> _INSTRUCTIONS FOR THE TASK_
Look below for the line that contains "8.2FT Lighted Christmas" and the line that contains "Modern Wireless Lantern", then restate both of them and every line in between, exactly. No picture goes in the copy.

> _INPUT MATERIAL_
================================

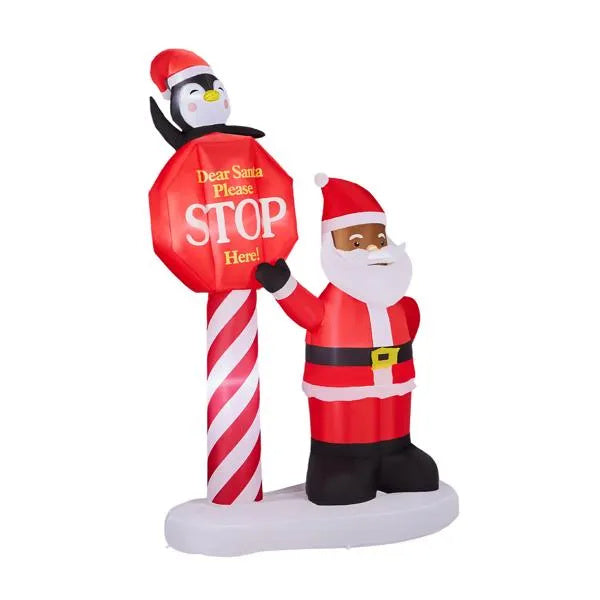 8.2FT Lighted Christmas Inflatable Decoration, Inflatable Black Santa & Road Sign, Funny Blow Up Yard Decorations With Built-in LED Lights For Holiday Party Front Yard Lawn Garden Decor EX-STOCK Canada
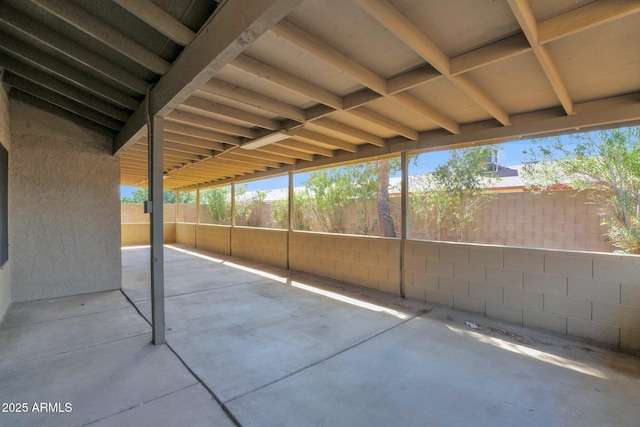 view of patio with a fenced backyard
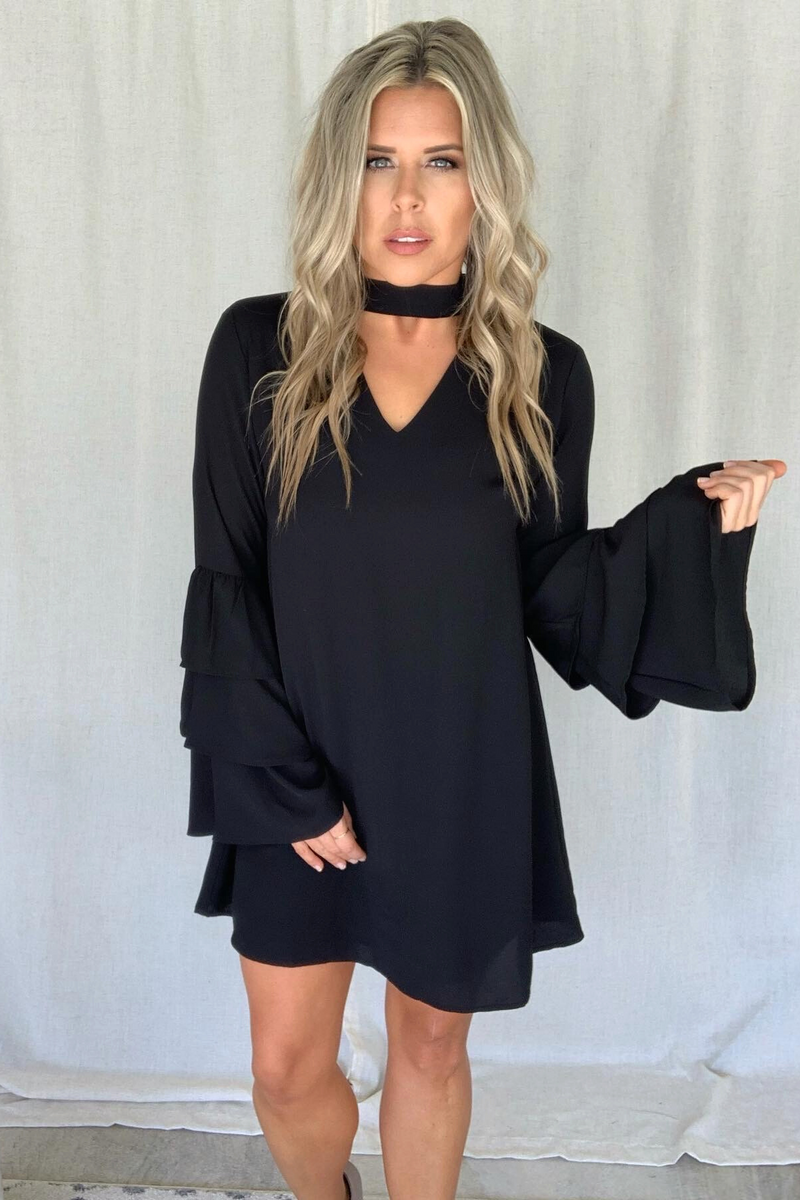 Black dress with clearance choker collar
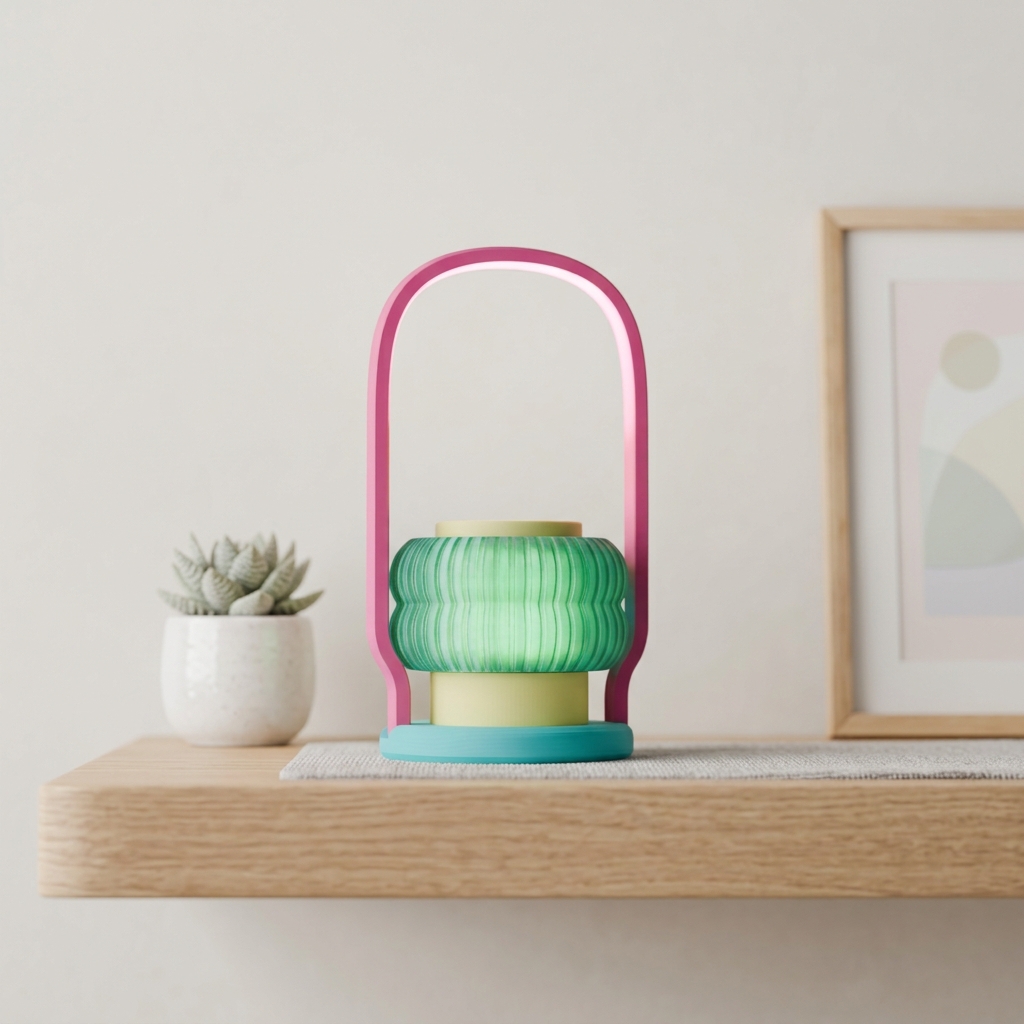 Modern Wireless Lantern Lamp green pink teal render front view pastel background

================================

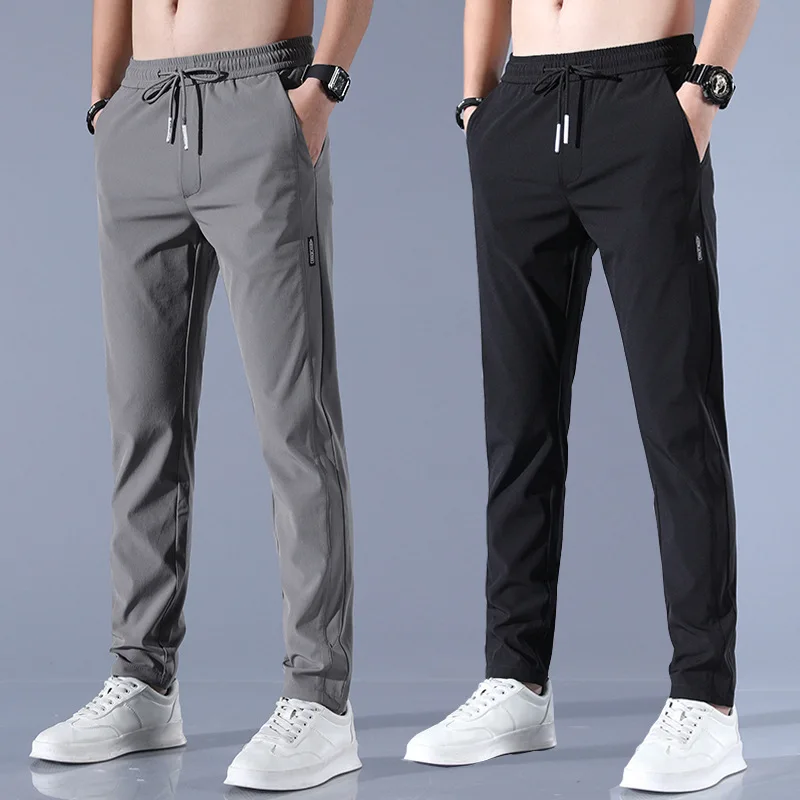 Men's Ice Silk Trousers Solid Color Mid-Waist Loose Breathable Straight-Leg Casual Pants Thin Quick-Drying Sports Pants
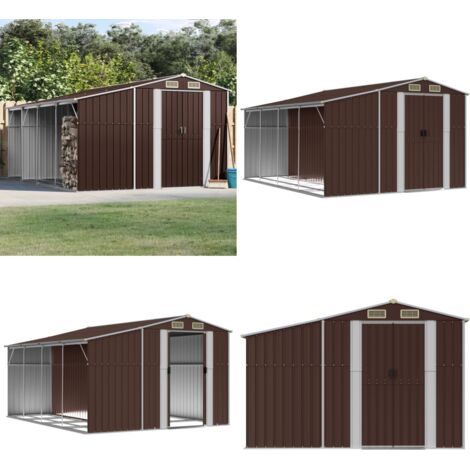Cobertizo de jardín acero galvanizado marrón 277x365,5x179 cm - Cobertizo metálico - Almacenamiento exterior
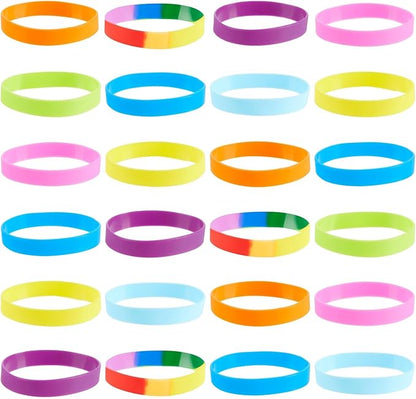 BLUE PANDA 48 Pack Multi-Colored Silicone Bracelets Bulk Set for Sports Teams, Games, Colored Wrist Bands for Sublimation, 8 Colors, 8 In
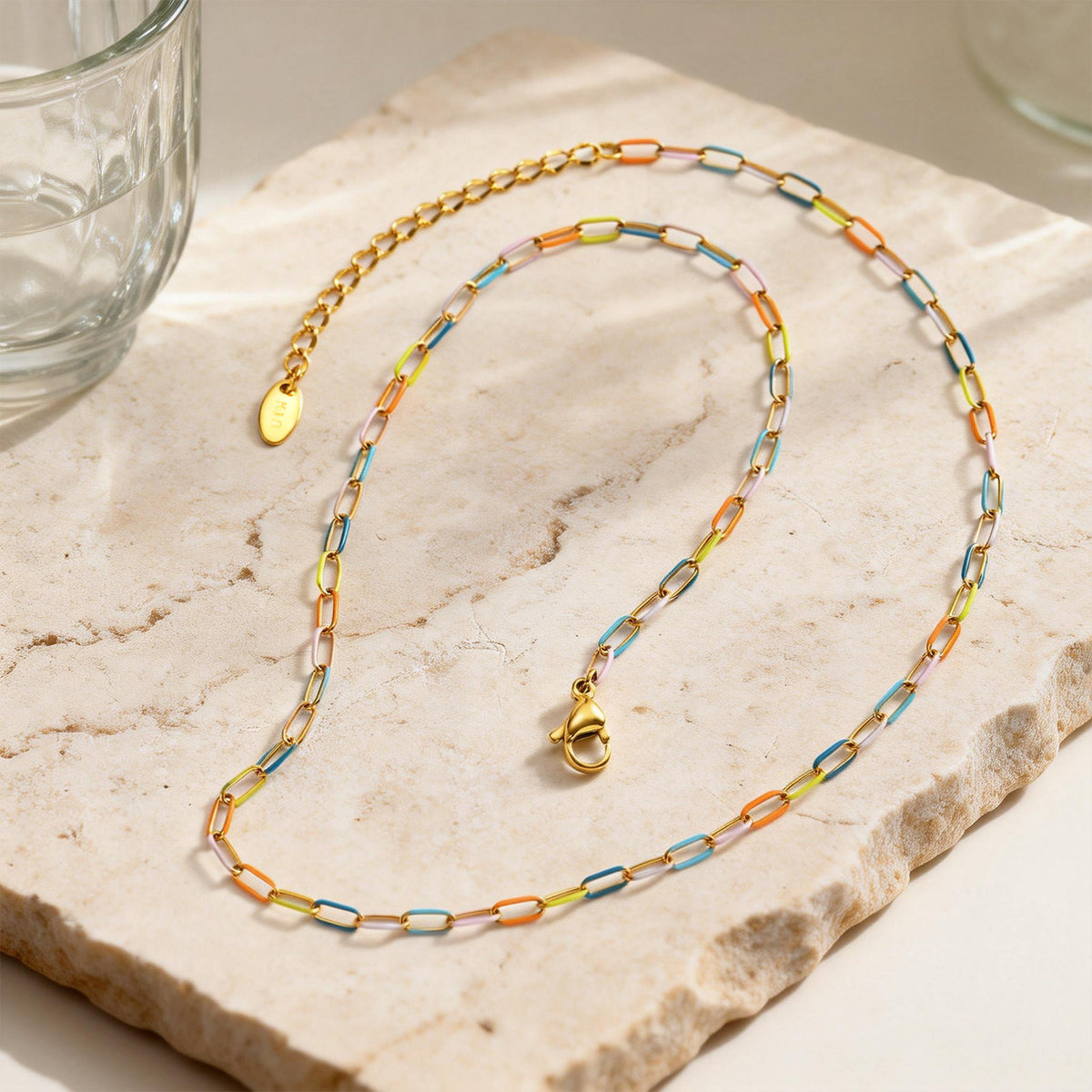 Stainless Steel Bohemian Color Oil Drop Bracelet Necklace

================================

> _RESPONSE TO THE EXERCISE_
 8.2FT Lighted Christmas Inflatable Decoration, Inflatable Black Santa & Road Sign, Funny Blow Up Yard Decorations With Built-in LED Lights For Holiday Party Front Yard Lawn Garden Decor EX-STOCK Canada
 view of patio with a fenced backyard
 Black dress with clearance choker collar
 Modern Wireless Lantern Lamp green pink teal render front view pastel background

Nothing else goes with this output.